_Activity_.
When you transcribe the listing, keep each line exact and drop the pictures.

_Information supplied_.
┄┄┄┄┄┄

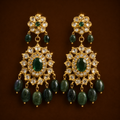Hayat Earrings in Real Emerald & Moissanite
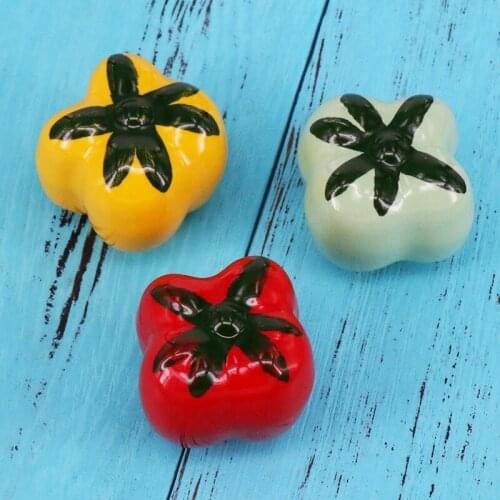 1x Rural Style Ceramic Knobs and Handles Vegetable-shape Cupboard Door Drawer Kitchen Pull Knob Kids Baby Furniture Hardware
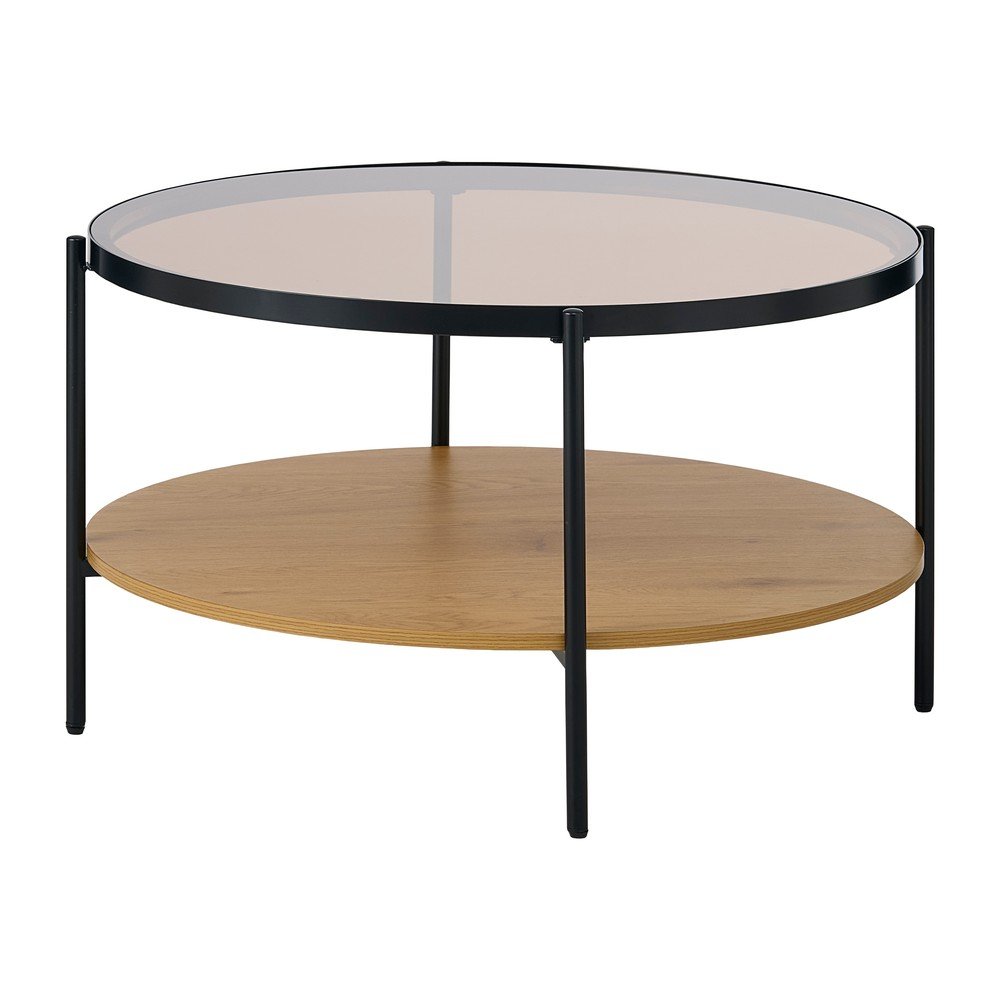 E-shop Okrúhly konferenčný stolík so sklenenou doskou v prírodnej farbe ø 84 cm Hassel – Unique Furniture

┄┄┄┄┄┄

_Answer to this exercise_.
Hayat Earrings in Real Emerald & Moissanite
 1x Rural Style Ceramic Knobs and Handles Vegetable-shape Cupboard Door Drawer Kitchen Pull Knob Kids Baby Furniture Hardware
 E-shop Okrúhly konferenčný stolík so sklenenou doskou v prírodnej farbe ø 84 cm Hassel – Unique Furniture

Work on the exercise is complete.